Leia a entrevista do presidente do TRE-RJ:
FÓRUM: O rezoneamento eleitoral determinado pelo TSE extinguiu 84 zonas no Estado do Rio. Qual será a consequência desta mudança na eleição?
Carlos Eduardo da Rosa Fonseca Passos: O complexo processo de rezoneamento por que passou nosso Tribunal – muito bem conduzido pela desembargadora Jacqueline Montenegro – culminou na reorganização de toda a Justiça Eleitoral Fluminense de 1o grau.
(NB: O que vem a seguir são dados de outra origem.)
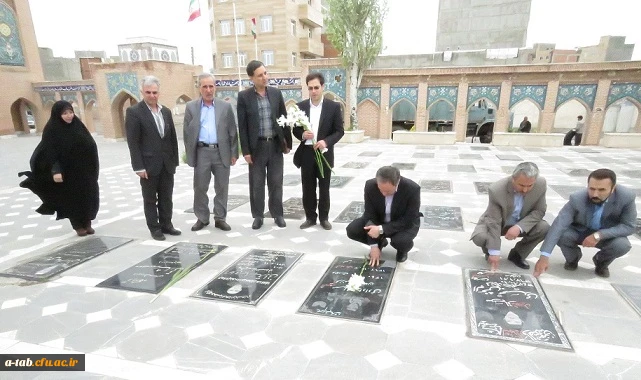 دکتر مهرمحمدی در بدو ورود به استان اردبیل با حضور در گلزار شهداء به آرمان های  انقلاب اسلامی ادای احترام نمودند. 2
Nesse novo cenário, tanto a área territorial quanto o eleitorado atinentes a cada serventia sofreram substancial aumento, o que demandará maior esforço de magistrados e servidores, ante a multiplicação de problemas e de fatores de risco. A fiscalização da Propaganda, por exemplo, passará a englobar regiões muito mais extensas, demandando planejamento específico. Dedicação, criatividade e inteligência passam a ser ainda mais fundamentais.
FÓRUM: O sr. propôs o redimensionamento da força de trabalho no TRE. Que critérios serão usados?
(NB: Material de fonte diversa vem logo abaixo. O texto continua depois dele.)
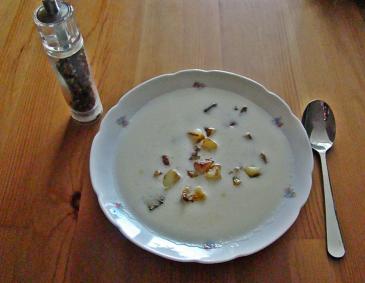 Rahmsuppe mit Erdäpfeln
Fonseca Passos: O estudo do redimensionamento da força de trabalho foi consequência do processo de rezoneamento, com o propósito de aquilatar a efetiva necessidade de recursos humanos Em cada zona eleitoral. Foi montado um grupo de trabalho para se debruçar sobre O tema, e que tem trabalhado de forma incessante, inclusive no recesso forense e em fins de semana. Foram fixados parâmetros objetivos e transparentes de aferição de produtividade, demanda e atendimentos cartorários, assim como consideradas férias, licenças e situações excepcionais. Há pesos distintos, de acordo com a complexidade e o tempo envolvido em atividades e processos, para mensurar a lotação paradigma de cada zona eleitoral e constatar as superavitárias e aquelas deficitárias. Não é justa a coexistência de cartórios com servidores subutilizados e serventias em que mal é possível o usufruto de férias, de tão deficitária sua lotação. Busca-se corrigir distorções e alcançar um maior equilíbrio na carga de trabalho dos servidores. Ao contrário do rezoneamento, que foi realizado por determinação do TSE, este processo está sendo conduzido com um viés democrático, sendo concedida a magistrados e servidores a chance de apresentar sugestões e questionamentos. Em seguida, haverá as movimentações pertinentes, observados o interesse público na prestação de serviço de excelência e, na medida do possível, os interesses dos servidores. Mesmo após a relotação dos servidores, a Presidência e a Corregedoria do TRE-RJ estarão de portas abertas para discutir eventuais distorções com os juízes eleitorais e chefes de cartório, porta-vozes dos servidores.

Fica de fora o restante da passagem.